Pola konsumsi pangan lokal di Indonesia mengalami pergeseran signifikan, dari beragam bahan pangan, kini didominasi beras dan terigu. Kebijakan pangan yang memprioritaskan beras sebagai bahan pokok menyebabkan rendahnya apresiasi terhadap pangan khas lokal.
Homogenitas tersebut dapat mengancam ketahanan dan kedaulatan pangan nasional. Untuk itu, Direktorat Kepercayaan Terhadap Tuhan Yang Maha Esa, Ditjen Kebudayaan, Kementerian Pendidikan, Budaya, Riset, dan Teknologi meluncurkan prakarsa Sekolah Lapang Kearifan Lokal (SLKL) pada 2021.

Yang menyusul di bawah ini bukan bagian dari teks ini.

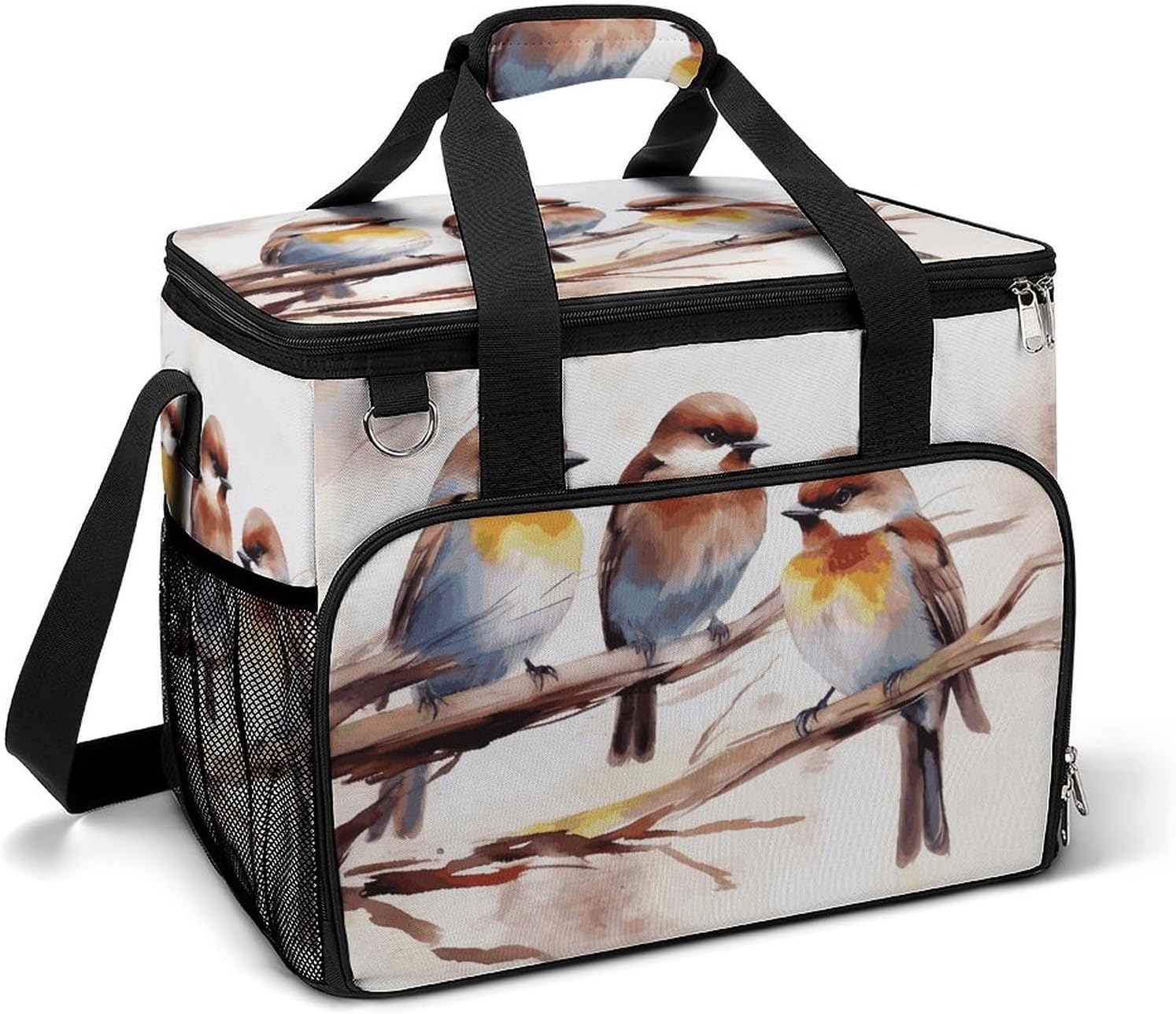 Insulated Picnic Backpack Tote Bag, Large Capacity 30L Birds Resting on Tree Branch Cooler Bag Leakproof Beach Bags Portable Lunch Box Waterproof Picnic Basket for Beach Camping BBQ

Bersama masyarakat adat, SLKL menjadi kegiatan pendidikan untuk meningkatkan pengelolaan sumber daya alam berdasarkan pengetahuan tradisional dan ilmu pengetahuan modern, dengan fokus pada pertanian, perikanan, kehutanan, dan praktik ramah lingkungan.
SLKL bertujuan mengurangi ketergantungan pada beras, melindungi dan memanfaatkan budaya pangan lokal, memperkuat jejaring masyarakat adat, dan mendorong partisipasi anak muda. SLKL menerapkan prinsip partisipatif, inklusif, gotong royong, kontekstual, bermanfaat, dan berkelanjutan.
Selama tiga tahun terakhir, SLKL telah tersebar di 16 wilayah masyarakat adat Indonesia, termasuk Jawa, Kalimantan, Nusa Tenggara, dan Papua. SLKL juga mendorong ekspresi budaya masyarakat adat melalui berbagai kegiatan tradisional.
Sebagai contoh, kegiatan “Gelekat Lembata” dari Suku Edang Lamaholot, melibatkan perempuan dari 12 kampung adat untuk mengenalkan pangan lokal seperti jewawut, jali, sorgum, ubi, labu, sintrong, dan buah kundur. Selain itu, ada “Festival Tokok Sagu” oleh Suku Skouw bertujuan mewariskan pengetahuan sagu dari tetua adat.
Dengan semakin meluasnya inisiatif SLKL dan partisipasi aktif masyarakat adat, kesadaran akan pentingnya keragaman pangan lokal dapat meningkat. Inisiatif ini dapat memperkuat ketahanan pangan nasional dan memastikan bahwa kekayaan budaya dan kearifan pangan lokal tetap terjaga dan diteruskan oleh generasi mendatang.